EXERCISE DESCRIPTION
Extract the records in full, leaving every picture out.

------------------------------------------------------------

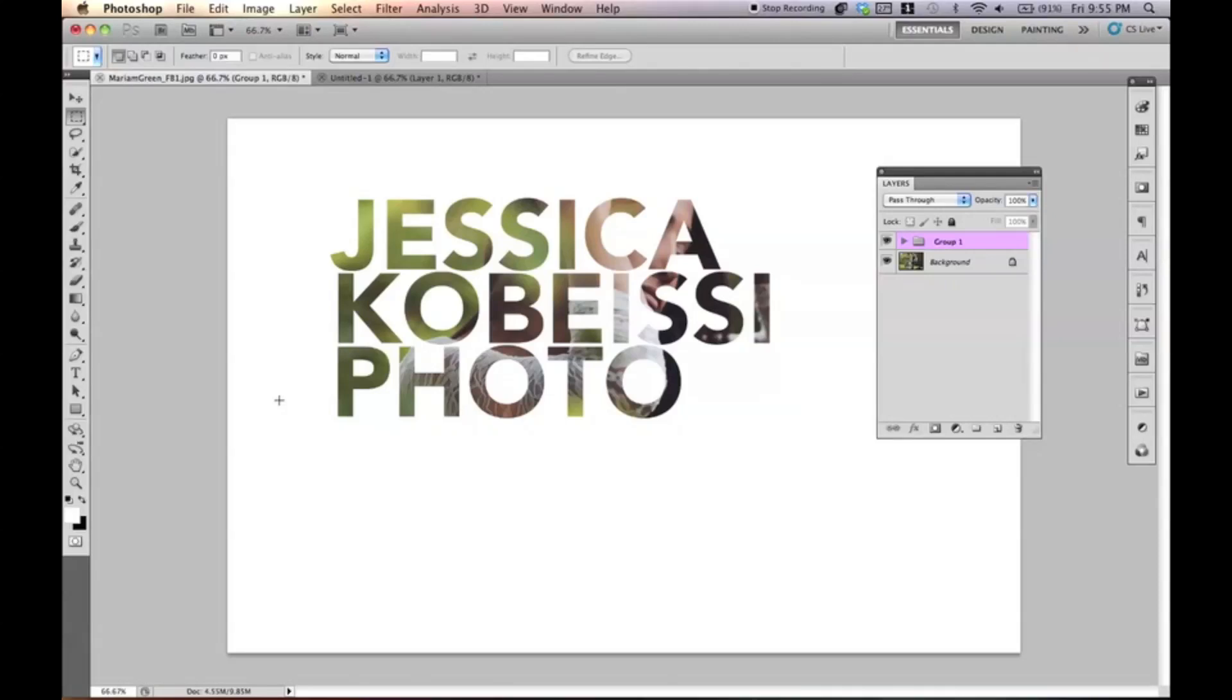Hey everybody, Jessica Kobasi here. Today I'm going to be showing you guys how to make a masked out photo effect with any kind of text that you like.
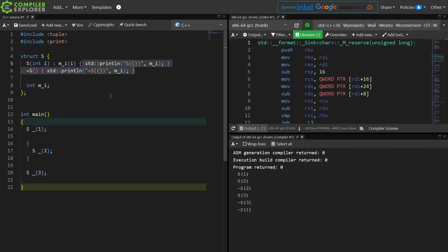So thank you for watching this episode of C++ Weekly. Be sure to leave a comment as to what you think about this new underscore placeholder name.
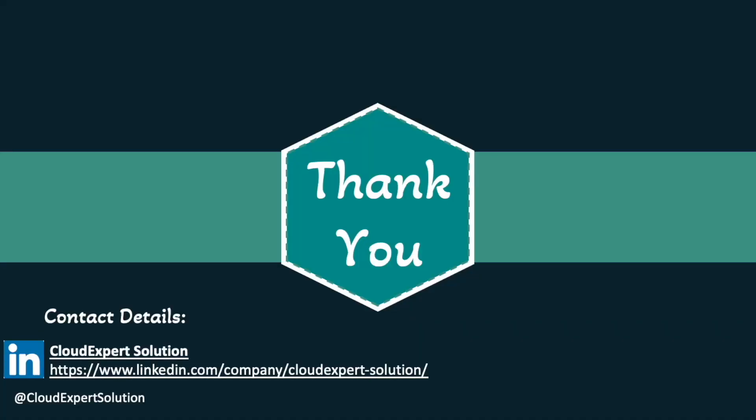That wraps up this module. If you found this video helpful, please give it a thumbs up, subscribe for more updates, and feel free to drop any question or feedback in the comments. We would love to hear from you. I hope this session helped you gain a deeper understanding and brought you one step closer to your learning goals. Thank you very much for watching and learning with us at Cloud Expert Solution. See you in the next module.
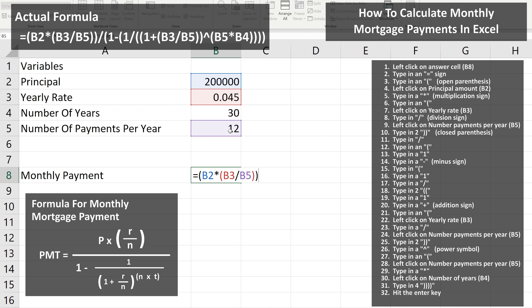Next, we're going to type in a division sign — again a forward slash. From here, we type in an open parentheses, and then we type in a one. Next, we type in a minus sign, and then we type in an open parentheses. From here, we type in a one, and then another division sign. Next, we're going to type in two open parentheses, and then we're going to type in a one.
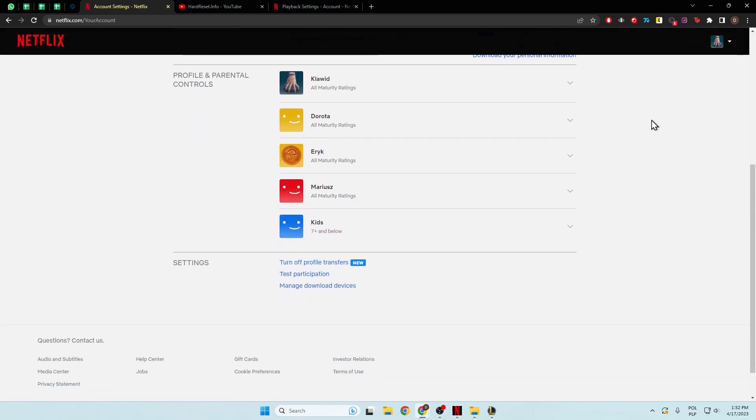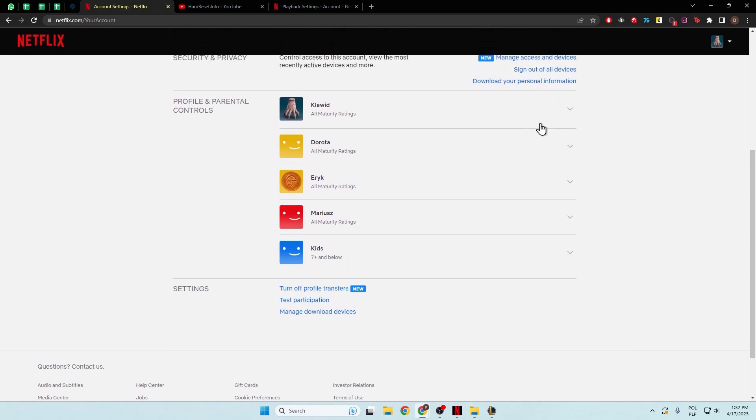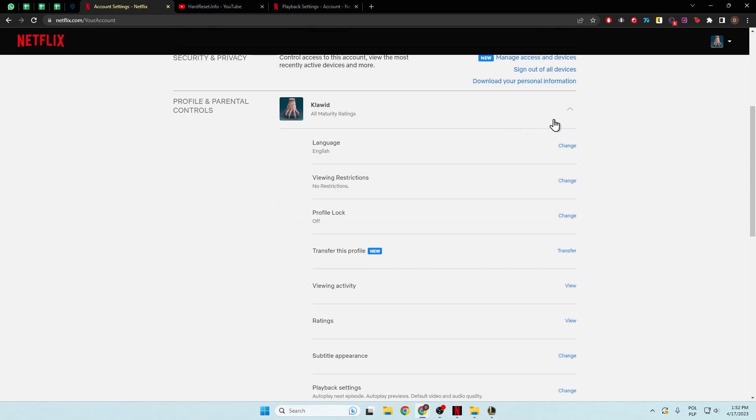Next, we have to pick the profile that we want to change this setting for. I'm going to pick the first one and click on this arrow.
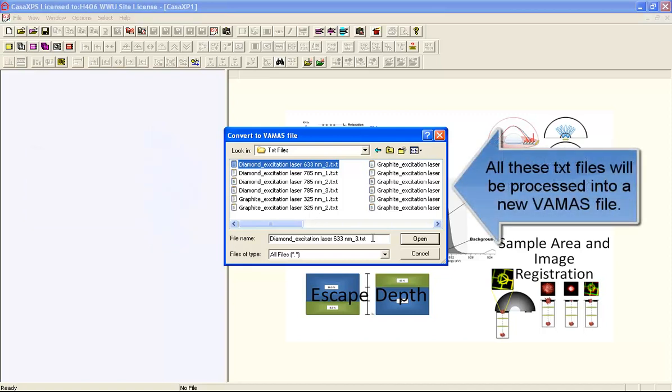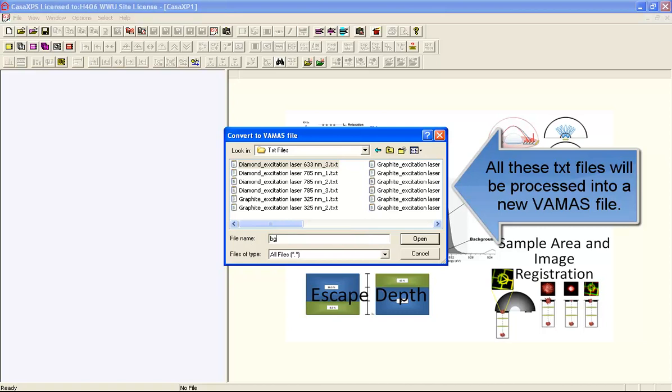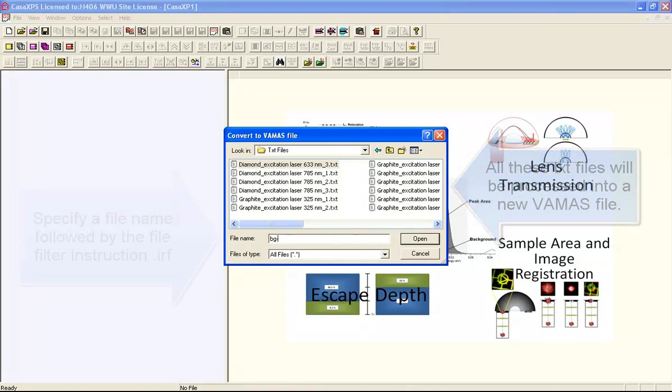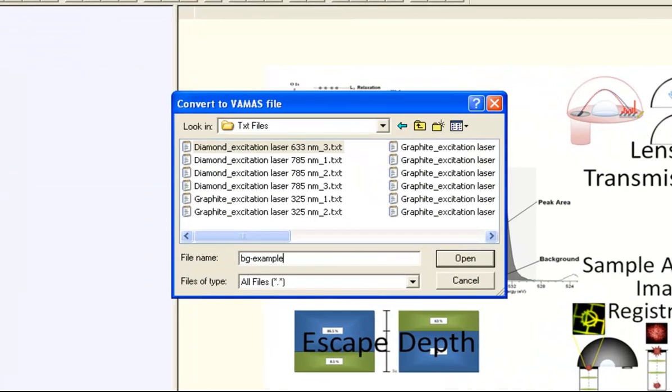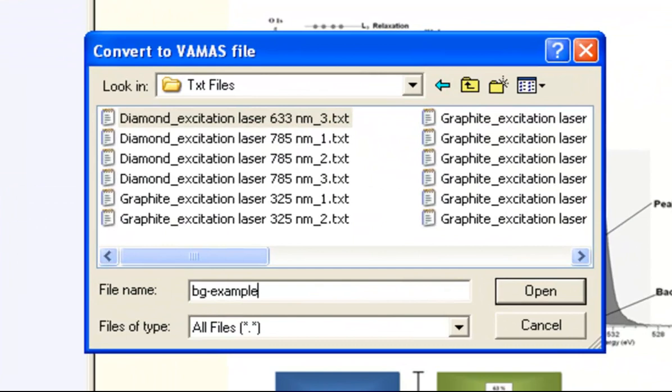I can do this by entering a file name. This is the VAMAS file name that will be generated.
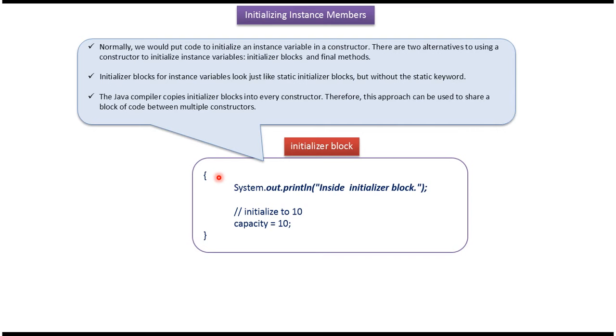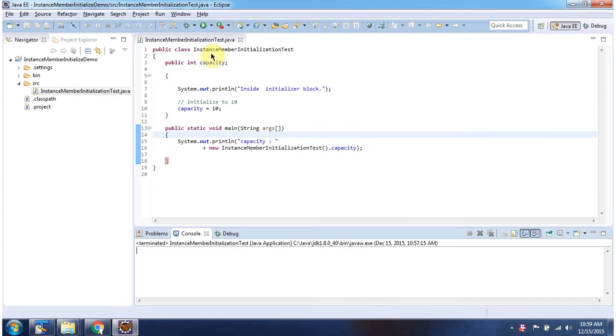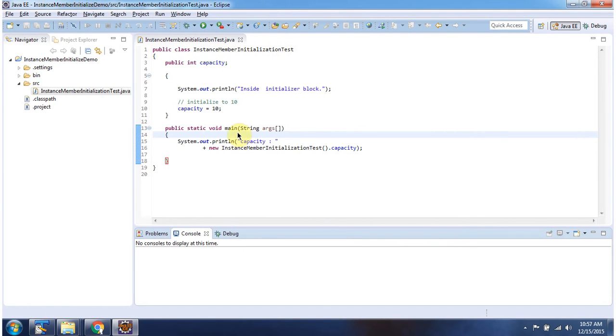We will see one example now. Here I have declared the class instance member initialization test. It has a main method. First I will run this program then I will explain.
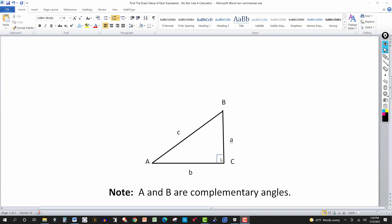We have a right triangle here. Angle C is the right angle, and the side opposite C is lowercase c. We have angle A, and the opposite side is lowercase a, and angle B, with the opposite side being lowercase b. We need to note that C is a 90-degree angle, and the total measure of the three angles is 180. So the measure of angle A and the measure of angle B must add up to 90 degrees — meaning A and B are complementary angles.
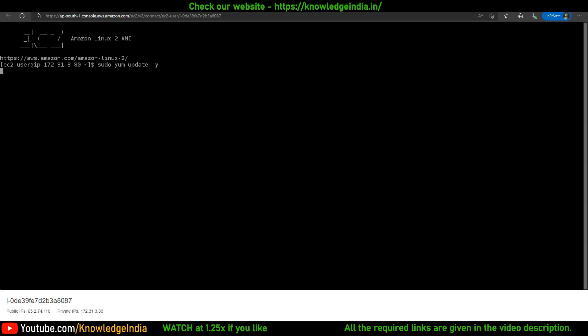It will be a good thing to run the yum update just to make sure that everything is in place, all packages are in good shape. So what we will do next is run some of the commands to install Terraform on this machine.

------------------------------------------------------------

RESULT OF THE EXERCISE
Hey everybody, Jessica Kobasi here. Today I'm going to be showing you guys how to make a masked out photo effect with any kind of text that you like.
So thank you for watching this episode of C++ Weekly. Be sure to leave a comment as to what you think about this new underscore placeholder name.
That wraps up this module. If you found this video helpful, please give it a thumbs up, subscribe for more updates, and feel free to drop any question or feedback in the comments. We would love to hear from you. I hope this session helped you gain a deeper understanding and brought you one step closer to your learning goals. Thank you very much for watching and learning with us at Cloud Expert Solution. See you in the next module.
Next, we're going to type in a division sign — again a forward slash. From here, we type in an open parentheses, and then we type in a one. Next, we type in a minus sign, and then we type in an open parentheses. From here, we type in a one, and then another division sign. Next, we're going to type in two open parentheses, and then we're going to type in a one.
Next, we have to pick the profile that we want to change this setting for. I'm going to pick the first one and click on this arrow.
I can do this by entering a file name. This is the VAMAS file name that will be generated.
We will see one example now. Here I have declared the class instance member initialization test. It has a main method. First I will run this program then I will explain.
We have a right triangle here. Angle C is the right angle, and the side opposite C is lowercase c. We have angle A, and the opposite side is lowercase a, and angle B, with the opposite side being lowercase b. We need to note that C is a 90-degree angle, and the total measure of the three angles is 180. So the measure of angle A and the measure of angle B must add up to 90 degrees — meaning A and B are complementary angles.
It will be a good thing to run the yum update just to make sure that everything is in place, all packages are in good shape. So what we will do next is run some of the commands to install Terraform on this machine.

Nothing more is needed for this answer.